Please repeat the whole listing verbatim.

> [Supplied information]
* * *

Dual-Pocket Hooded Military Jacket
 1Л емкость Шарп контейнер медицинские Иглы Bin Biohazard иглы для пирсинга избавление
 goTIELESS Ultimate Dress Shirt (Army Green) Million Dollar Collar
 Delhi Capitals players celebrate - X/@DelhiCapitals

* * *

> [Exercise result]
Dual-Pocket Hooded Military Jacket
 1Л емкость Шарп контейнер медицинские Иглы Bin Biohazard иглы для пирсинга избавление
 goTIELESS Ultimate Dress Shirt (Army Green) Million Dollar Collar
 Delhi Capitals players celebrate - X/@DelhiCapitals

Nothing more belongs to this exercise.